Finanzpolitisch stehen Österreich und Italien aber auf unterschiedlichen Seiten. Das zeigte sich gestern, als der österreichische Bundeskanzler Sebastian Kurz beim Wiener Salon der Kleinen Zeitung zum Programm der neuen Regierung in Rom meinte, es sei "höchst unverantwortlich" und könne "in Richtung Griechenland gehen" und den Euro gefährden.

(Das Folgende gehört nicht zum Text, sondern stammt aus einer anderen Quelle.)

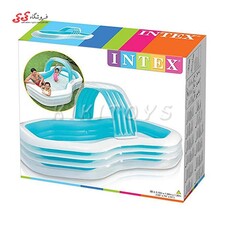 استخر بادی آبپاش دار اینتکس intex 57198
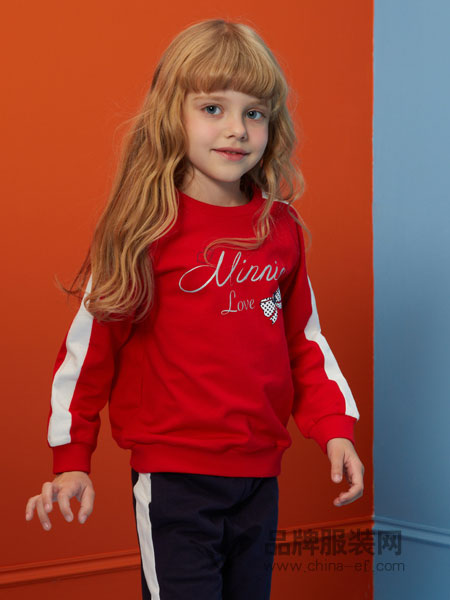 迪士尼宝宝童装品牌2019春季新款洋气长袖套洋气两件套
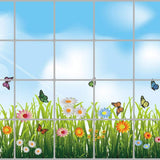Kitchen Oil Proof Wall Sticker Heat Resistant Waterproof Self Adhesive Backsplash Cover for Kitchen Wall Protection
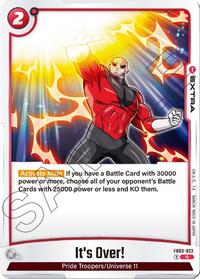It's Over! (FB03-023) [Raging Roar]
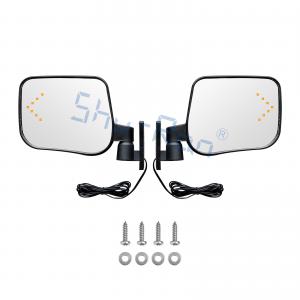 China Universal LED Rear View Mirror For Golf Cart Club Car, Ezgo, Yamaha supplier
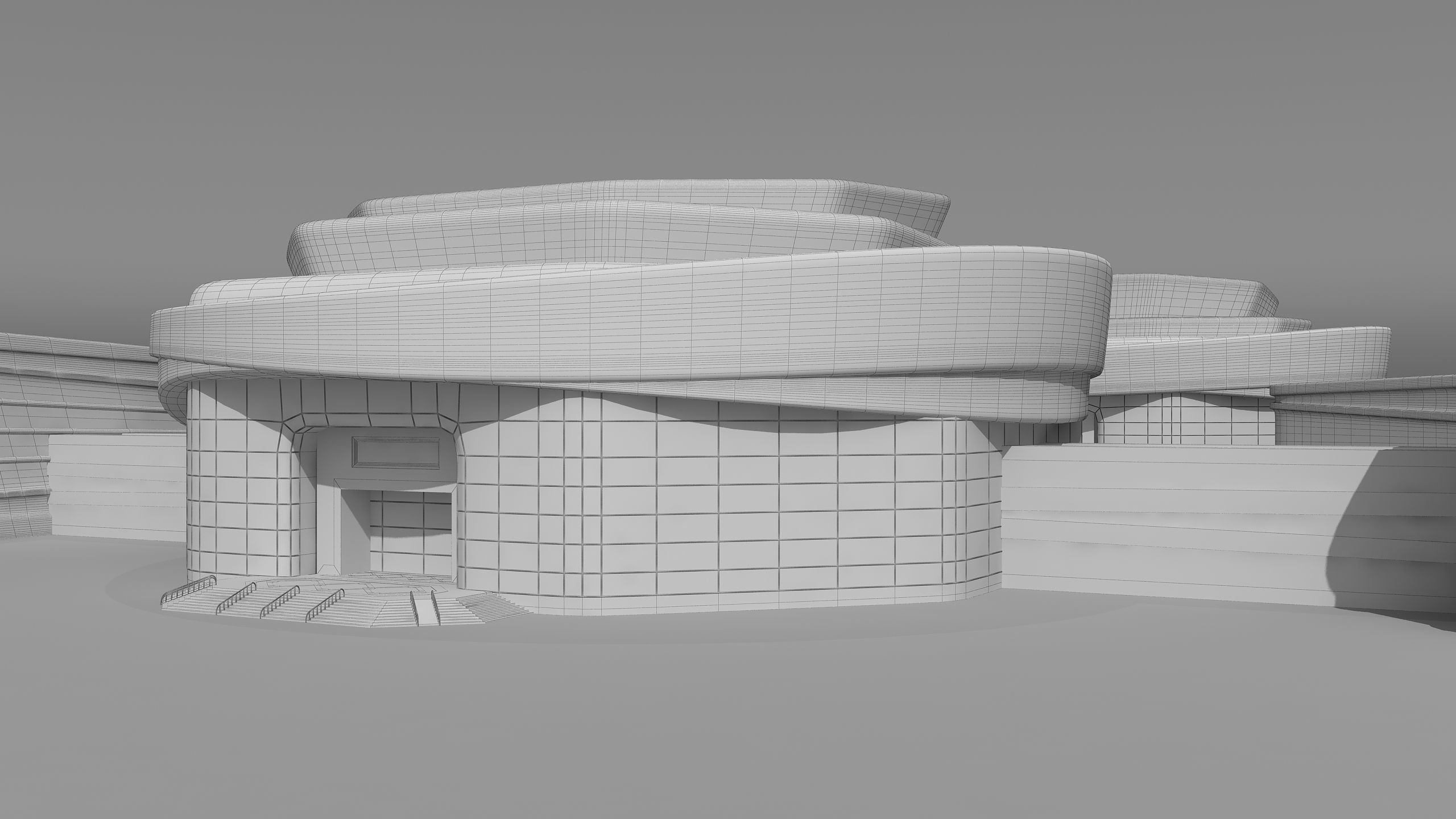 0116 - Modern Building 3D model_14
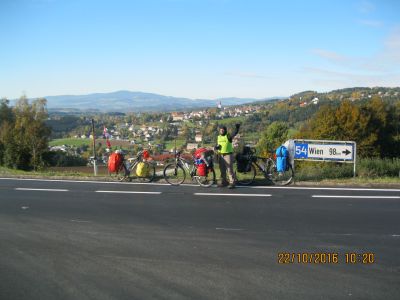 Wiener Neue Stadt/Viyana-Graz Yolu, Avusturya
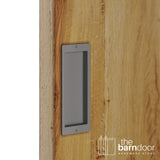 Barn Door Square Corner Flush Pull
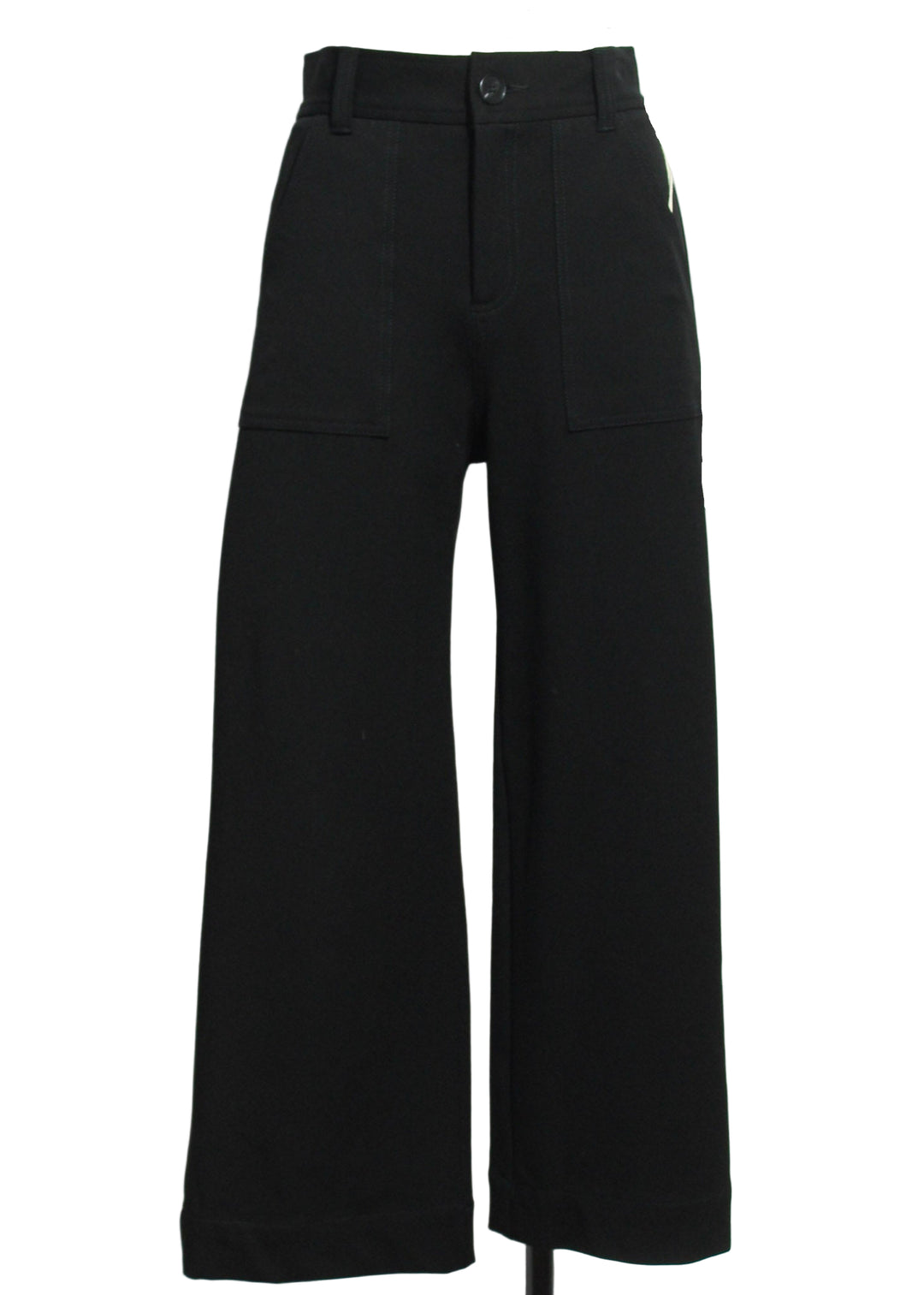 Black Rylee Cropped Pant by Fifteen Twenty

Hintergrund seiner Sorge ist ein geplantes Paket aus einer Steuersenkung, einem Grundeinkommen und einer Rentenreformrücknahme, das den italienischen Staatshaushalt mit geschätzten 75 bis 90 Milliarden Euro belasten dürfte. Da unwahrscheinlich ist, dass dieses Geld durch Wachstumseffekte sofort wieder hereinkommt, gehen Beobachter von einer Erhöhung der Staatsschulden aus, die mit aktuell 2,26 Billionen Euro die höchsten in Europa und mit 132 Prozent der Wirtschaftsleistung deutlich mehr als doppelt so hoch wie in der Euro-Zone theoretisch höchstens erlaubt sind.

Außenpolitik

Eine dritte Front ist die außenpolitische. Hier geht es vor allem um das Verhältnis zu Russland und zu den USA. In Sachen Russlandpolitik gehört Italien nach der Wahl mit Österreich und Tschechien zu den Staaten, die die Sanktionen so bald wie möglich beenden wollen (vgl. Mitteleuropäischer Block gegen Russlandsanktionen). Das gemeinsame Regierungsprogramm von Lega und M5S sieht nicht nur eine "sofortige Rücknahme" dieser Sanktionen", sondern auch die "Rehabilitation als strategischen Partner" vor, der "keine militärische Bedrohung" ist.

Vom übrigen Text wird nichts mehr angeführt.